Tweeting-For Better Case Analysis

TWEETING - FOR BETTER CASE ANALYSIS
By Professor Wes Porter

Professor Porter teaches evidence and advocacy courses and directs the Litigation Center at Golden Gate University School of Law 

Teaching case analysis is always a challenge.  The skill of case analysis is critical for our courses and mock trial teams - and for a career in litigation.  While jury addresses, witness examinations, and motions in limine involve case analysis, we miss something when this skill is not isolated from other parts of trial presentation.  We sought to better segregate the skill of case analysis and diagnose related issues independently.  We focused more on case analysis in our advocacy curriculum and created a consistent, written requirement (expectation) to segregate the the skill of case analysis.
Modeling, More Case Files, and Less Review Time

Probably like many of the readers of this blog, we model case analysis early in the instruction.  Organize the good and bad facts, prioritize each fact, theory and theme, etc.  Yet, we must isolate, assess, and provide feedback to our advocates about case analysis.  We assign several new case files in every advocacy course, aside from the file assigned for their final trials, to promote case analysis skills.  For reference, our advocates may present 3-4 of the short files on Bocchino's Problems in Trial Advocacy during a semester (you may recognize the Brown v. Byrd or Myers v.

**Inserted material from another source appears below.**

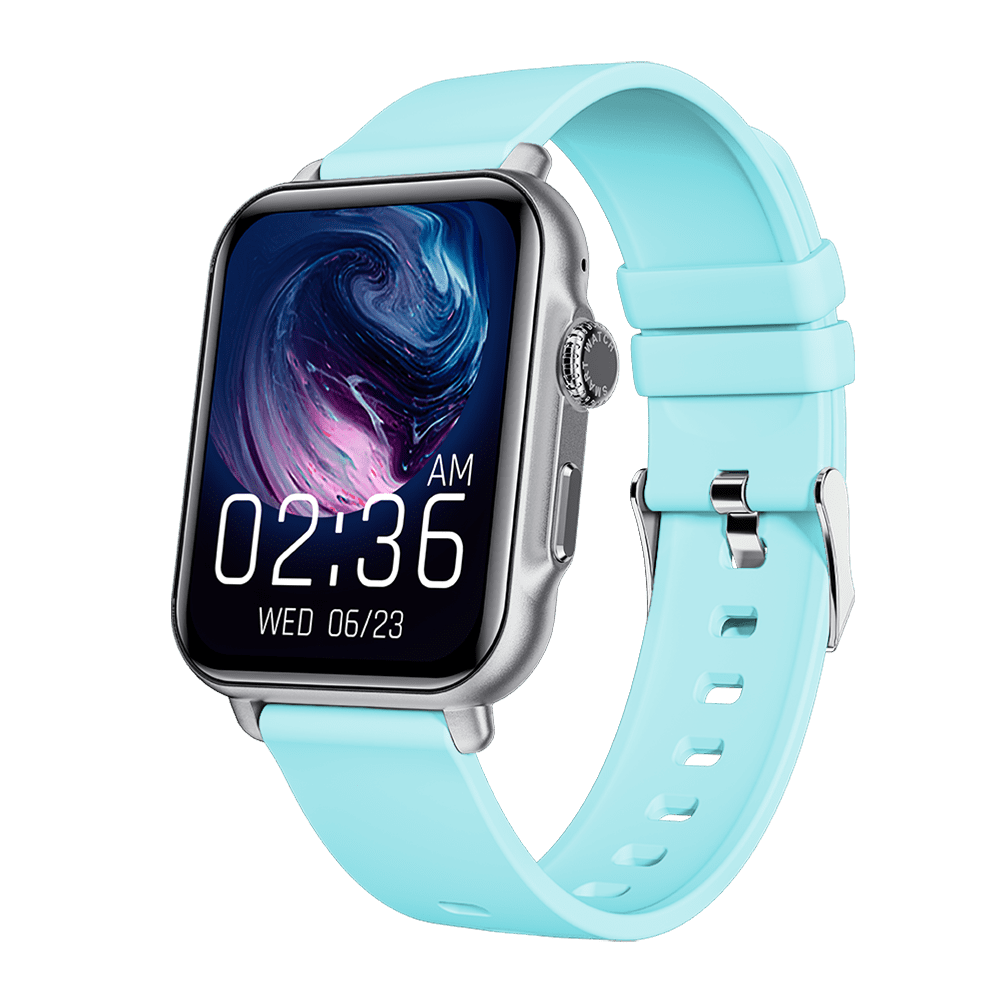 SMARTWATCH MIAMI CON CINTURINO IN SILICONE AZZURRO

NITA District School problems in the examples below).  We assign a new file with a relatively short amount of time before their initial in-class presentation (such as 2-4 days).    

Analyze Alone, Collaborate Before Presentations

We require advocates to review a new case file on their own.  We want the advocate to spend time with a file – or interviewing live witnesses in a simulation – and bring their personal assessment and perspective about their case to class.  In class, we then allocate time for short bursts of brainstorming among the advocates assigned to the same sides of the same file (typically 3-6 students).   The advocates during these 10-15 minute sessions engage with colleagues who have devoted equal attention to the case, yet likely offer different ideas and perspective.  The students can, and often do, refine their case analysis, reprioritize facts, and even switch out themes before in-class presentations.  These sessions simulate "real-world" collaboration and, we believe, produce better in-class presentations.       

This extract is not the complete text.